This is what bioinformatics looks like

We offer bioinformatics analysis of next-generation sequencing data so that projects can be done end-to-end and we can be a one-stop shop for investigators. After submitting the next-generation sequencing libraries to the sequencing core, we monitor as they move through their pipeline. When ready, we download the sequences (fastq files) and copy them to our server.

Our standard analysis includes quality assessment of the sequencing data received from the investigator of the sequencing core and generation of summary statistics (i.e. raw and filtered read counts, alignment rates). Moreover we will perform data exploration techniques such as principal component analysis and clustering. Finally, we will perform differential analysis across groups as indicated by the investigator's study design. Besides the result files, we will provide a detailed report describing each step of the data QC and analysis.

Software we commonly use includes:

  • MultiQC
  • DESeq2
  • Limma
  • methylKit
  • ChromHMM

Some projects are more complex than others and require the development of unique bioinformatics pipelines. If you have a project that deviates from the standard analysis, we will work with you to determine an efficient and cost-effective approach.


  • What is a typical turn around time for bioinformatics analysis?
    • The turn around time for the bioinformatics analysis varies greatly depending on the nature of your data, the study design, analysis requested, and also on the overall work load of the service core at the time. A typical project often takes ~3 weeks to finish from the time our bioinformatics team starts the analysis.
  • What data is provided to clients following bioinformatics analysis, and how?
    • The exact results provided depends to the analysis requested. Once the analyses are completed we upload the raw data, along with the results and analysis reports on the secure OHSU-based cloud service called Box. We send you the link to this data and you can easily access your data for downloading.
  • What skills/software are required to handle the results?
    • Proficiency in Microsoft Excel is crucial for exploring the results summary tables.

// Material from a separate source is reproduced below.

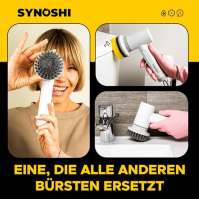 SYNOSHI | Elektrický čisticí kartáč, Power Spin Scrubber, čisticí zařízení se 3 vyměnitelnými čisticími hlavami, 2 rychlosti rot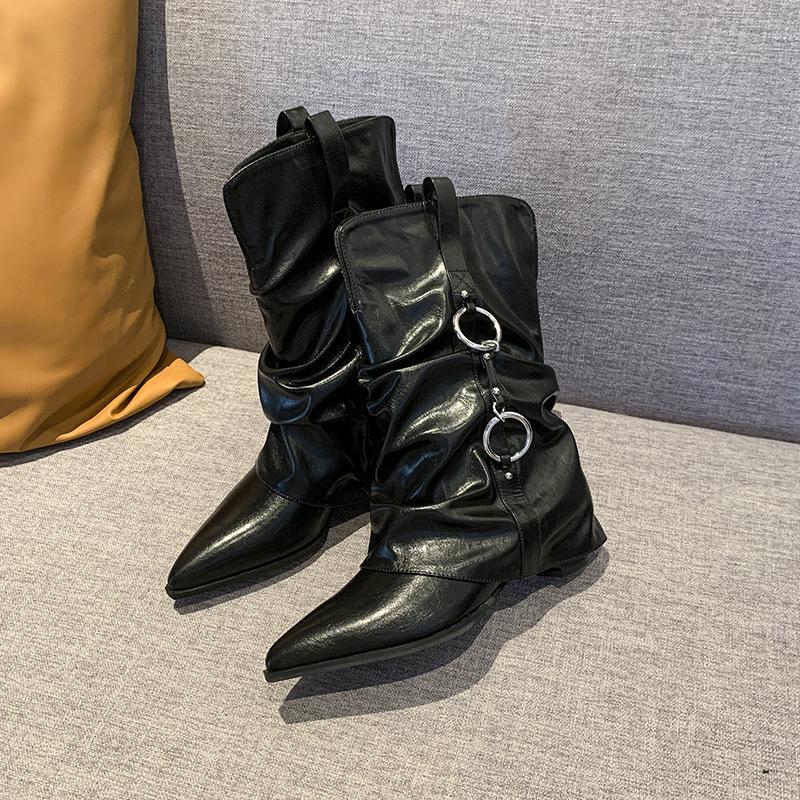 

2025 новые ретро остроносые ботильоны со складками и металлической пряжкой, ботильоны-трубы с толстым каблуком, женские ботильоны-чулки, коричневые широкие ботинки 42 чёрный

Familiarity with the UCSC genome browser and the igv data visualization tool is extremely helpful in exploring the epigenetic and genetic landscape of regions of interest. Tutorials for these browsers are available online. Moreover, EC personnel can provide some personalized training.
  • What kind of sequencing should I do? 
    • Our assays are based on Illumina sequencing. the specific platform, read length, and coverage will depend on the assay and will be selected by the EC.
  • How can I determine if my project requires a standard or custom analysis?
    • Most projects can be done using our established computational pipelines. However, some projects might require for us to create custom pipelines to address additional questions. The EC will be in constant communication with the investigator in order to find the most cost-efficient but rigorous approach.